Modelling the behaviour you want from your team.Proactively building and strengthening team relationships will help the bottom line. It’s important to ensure that leaders explicitly demonstrate their care for each of their colleagues and those who report directly. It is critical to remind them of their contributions to the company’s success, as well as their overall value to the company. We want the whole team to affirm their emotions and choose their responses that align with the strategic goals of the company. Showing up with blame and anger diminishes trust, and we want to build trust by being genuinely curious about our team members, and treating them with dignity and respect.
If you need help with your meeting structures… get in touch.
Sometimes it can be difficult to take these ideas and apply them to a concrete scenario your workplace. To help with this, we at Build Great Teams compiled a sample process that would tap into all these elements within a simple team meeting environment.
Step 1. Introduce the agenda. (5 minutes)
- Discuss the agenda and how long the meeting is expected to take. This includes the goals of the meeting and any decisions that need to be made that day.
Step 2. Set the stage by celebrating the positive. (15 minutes)
- Request the team members share any personal wins that have transpired since the last meeting or over the past week. Invite everyone to share individually and allow the conversation to evolve organically (giving them time to discuss if need be).
- Ask team members for company wins, and offer congratulations and kudos to team members where you can.
- Briefly follow up from previous meetings on what is working well and what is still being worked on.
- Obtain a brief update from each team member or department on things going well and what they are currently focused on..
- It is important to ask directly about things going well and pull their attention back to the question if need be as you develop the habit.
- What are they focussed on for the upcoming week or month?
- This can serve as an opportunity to learn about each other’s roles and for each of them to teach the others what they do in more detail. This greatly supports overall team integration.
- Ask your team members how you can personally help them be even better at what they do on a daily basis. By asking your team members this kind of question, you open the dialogue and set an example that will cascade throughout the organization.
Step 3. Elevating today’s topic for collaboration (30 minutes)
- Frame the topic of discussion clearly to the entire team.
- Solicit individual perspectives and ideas from team members who had an opportunity to reflect on the agenda in advance of the meeting. Make sure to take brief notes to capture this information.
- With all these potential ideas or solutions on the table, ask each member for their perspective and how it could impact their individual department or roles. This would include both the positive and negative outcomes.
- Functional ideas or solutions will naturally evolve through this conversation and an overall strategy or direction should be agreed on before moving forward.
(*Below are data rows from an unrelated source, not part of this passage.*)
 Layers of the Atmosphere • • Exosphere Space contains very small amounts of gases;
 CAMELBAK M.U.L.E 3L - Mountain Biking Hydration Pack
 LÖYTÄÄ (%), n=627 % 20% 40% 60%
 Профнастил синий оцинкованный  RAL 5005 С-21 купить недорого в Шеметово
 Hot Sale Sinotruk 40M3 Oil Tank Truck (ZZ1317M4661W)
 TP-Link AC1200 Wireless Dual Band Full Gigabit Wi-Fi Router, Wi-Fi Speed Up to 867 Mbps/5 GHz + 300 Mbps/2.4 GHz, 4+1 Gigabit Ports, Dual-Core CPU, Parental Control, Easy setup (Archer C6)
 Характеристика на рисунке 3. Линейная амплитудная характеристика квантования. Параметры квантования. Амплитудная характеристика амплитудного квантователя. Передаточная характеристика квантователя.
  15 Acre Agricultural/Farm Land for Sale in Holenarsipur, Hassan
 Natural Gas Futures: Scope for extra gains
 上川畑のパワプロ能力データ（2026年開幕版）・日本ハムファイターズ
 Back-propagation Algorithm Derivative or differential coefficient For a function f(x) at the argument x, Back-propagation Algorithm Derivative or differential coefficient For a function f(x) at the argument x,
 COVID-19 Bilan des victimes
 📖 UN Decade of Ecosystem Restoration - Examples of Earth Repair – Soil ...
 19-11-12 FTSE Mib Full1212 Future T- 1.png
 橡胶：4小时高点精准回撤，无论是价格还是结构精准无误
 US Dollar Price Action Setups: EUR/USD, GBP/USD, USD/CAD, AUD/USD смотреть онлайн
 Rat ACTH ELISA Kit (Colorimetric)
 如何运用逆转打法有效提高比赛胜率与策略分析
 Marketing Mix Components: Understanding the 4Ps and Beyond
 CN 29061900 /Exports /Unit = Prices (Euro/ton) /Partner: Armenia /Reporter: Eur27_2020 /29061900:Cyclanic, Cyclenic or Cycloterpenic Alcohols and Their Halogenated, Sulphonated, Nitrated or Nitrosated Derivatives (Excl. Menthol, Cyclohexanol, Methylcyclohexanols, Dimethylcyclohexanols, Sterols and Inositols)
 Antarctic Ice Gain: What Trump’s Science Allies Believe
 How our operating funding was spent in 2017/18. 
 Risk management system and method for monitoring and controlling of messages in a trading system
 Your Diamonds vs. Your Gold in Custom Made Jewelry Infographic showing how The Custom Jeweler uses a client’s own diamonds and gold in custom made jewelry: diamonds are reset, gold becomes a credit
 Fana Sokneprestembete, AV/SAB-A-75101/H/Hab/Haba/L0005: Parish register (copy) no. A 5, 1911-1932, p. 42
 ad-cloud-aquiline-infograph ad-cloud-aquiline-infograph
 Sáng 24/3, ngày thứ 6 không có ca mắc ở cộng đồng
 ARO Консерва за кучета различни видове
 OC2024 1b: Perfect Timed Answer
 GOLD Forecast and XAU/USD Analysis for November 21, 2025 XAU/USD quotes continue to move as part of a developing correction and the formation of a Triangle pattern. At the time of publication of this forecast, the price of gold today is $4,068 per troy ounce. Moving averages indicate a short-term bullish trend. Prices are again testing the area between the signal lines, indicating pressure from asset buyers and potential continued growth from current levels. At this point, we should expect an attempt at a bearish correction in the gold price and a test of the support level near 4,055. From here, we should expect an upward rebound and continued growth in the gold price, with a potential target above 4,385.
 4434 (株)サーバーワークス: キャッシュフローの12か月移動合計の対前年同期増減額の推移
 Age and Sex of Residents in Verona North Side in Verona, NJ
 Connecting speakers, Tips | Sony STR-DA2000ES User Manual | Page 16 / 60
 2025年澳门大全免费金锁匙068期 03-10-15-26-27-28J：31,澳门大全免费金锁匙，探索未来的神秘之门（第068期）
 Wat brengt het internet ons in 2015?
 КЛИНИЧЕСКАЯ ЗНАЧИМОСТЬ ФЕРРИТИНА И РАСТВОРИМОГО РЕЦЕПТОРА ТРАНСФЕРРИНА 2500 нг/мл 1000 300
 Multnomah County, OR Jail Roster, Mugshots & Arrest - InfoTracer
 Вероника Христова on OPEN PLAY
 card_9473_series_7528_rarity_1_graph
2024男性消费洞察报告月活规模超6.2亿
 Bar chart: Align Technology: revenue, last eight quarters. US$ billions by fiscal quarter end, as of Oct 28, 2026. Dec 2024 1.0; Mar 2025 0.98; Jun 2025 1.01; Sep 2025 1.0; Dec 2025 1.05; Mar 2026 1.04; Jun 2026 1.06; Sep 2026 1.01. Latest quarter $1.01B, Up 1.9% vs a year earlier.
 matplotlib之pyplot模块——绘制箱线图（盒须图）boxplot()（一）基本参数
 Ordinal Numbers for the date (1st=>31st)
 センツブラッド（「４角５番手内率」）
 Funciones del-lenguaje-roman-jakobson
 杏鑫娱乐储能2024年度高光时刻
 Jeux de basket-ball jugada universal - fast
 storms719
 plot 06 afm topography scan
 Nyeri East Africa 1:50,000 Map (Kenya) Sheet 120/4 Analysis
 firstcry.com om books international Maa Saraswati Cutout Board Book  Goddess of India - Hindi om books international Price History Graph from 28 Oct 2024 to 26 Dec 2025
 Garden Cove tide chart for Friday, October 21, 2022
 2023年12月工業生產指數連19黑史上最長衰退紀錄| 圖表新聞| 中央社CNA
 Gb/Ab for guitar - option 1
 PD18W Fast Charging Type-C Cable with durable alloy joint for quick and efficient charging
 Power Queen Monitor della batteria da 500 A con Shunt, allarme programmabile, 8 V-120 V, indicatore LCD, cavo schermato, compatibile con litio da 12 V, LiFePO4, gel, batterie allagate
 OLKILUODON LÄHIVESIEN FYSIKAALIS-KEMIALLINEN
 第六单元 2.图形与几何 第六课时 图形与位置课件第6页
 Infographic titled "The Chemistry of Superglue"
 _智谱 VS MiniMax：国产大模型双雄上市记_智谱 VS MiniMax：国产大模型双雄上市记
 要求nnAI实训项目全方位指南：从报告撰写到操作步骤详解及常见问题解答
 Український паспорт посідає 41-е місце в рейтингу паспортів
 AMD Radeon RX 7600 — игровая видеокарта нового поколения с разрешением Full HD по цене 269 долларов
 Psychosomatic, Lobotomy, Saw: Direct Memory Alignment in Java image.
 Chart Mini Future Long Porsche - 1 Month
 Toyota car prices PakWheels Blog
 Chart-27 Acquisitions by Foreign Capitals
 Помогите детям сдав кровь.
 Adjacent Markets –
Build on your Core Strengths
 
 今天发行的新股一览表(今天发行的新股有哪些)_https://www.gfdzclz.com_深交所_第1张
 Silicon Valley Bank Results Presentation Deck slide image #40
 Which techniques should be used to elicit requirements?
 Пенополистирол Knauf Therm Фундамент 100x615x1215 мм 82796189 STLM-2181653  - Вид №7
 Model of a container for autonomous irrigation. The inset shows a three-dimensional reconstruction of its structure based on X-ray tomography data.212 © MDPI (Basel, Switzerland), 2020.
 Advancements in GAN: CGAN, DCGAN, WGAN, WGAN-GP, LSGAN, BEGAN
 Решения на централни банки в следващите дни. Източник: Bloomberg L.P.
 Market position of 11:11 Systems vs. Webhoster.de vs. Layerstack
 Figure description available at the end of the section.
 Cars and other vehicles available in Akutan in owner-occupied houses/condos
- A lead individual should be appointed to the topic and help with the coordination of action item completion, timeline, any physical deliverables.
Step 4. Closing the meeting by elevating trust and relationship (10 minutes).
- Go around the table and ask each team member to say what they appreciate about each of their colleagues. Ideally, this can be done in relation to what they observed and appreciated from each of their colleagues since the last meeting and/or can be done in relation to their performance in the meeting itself (e.g., great idea, good reframe of a difficult topic, composure, etc.).
- As you move forward, other small team building activities could be incorporated.
- Reclaim things you used to enjoy. For example, go out for lunch or have it ordered in.
- Initiate new fun activities. For example, bowl in the hallways, or swing those golf clubs. Perhaps the winner gets bragging rights.
- Consider other events as the current environment permits. Retreats, shared fun experiences etc.
This entire example could be conducted in approximately one-hour, which often represents a reasonable amount of time that individuals can maintain focus and productivity within a meeting. Such a timeline would not work for all topics and would depend specifically on the topics of the meeting.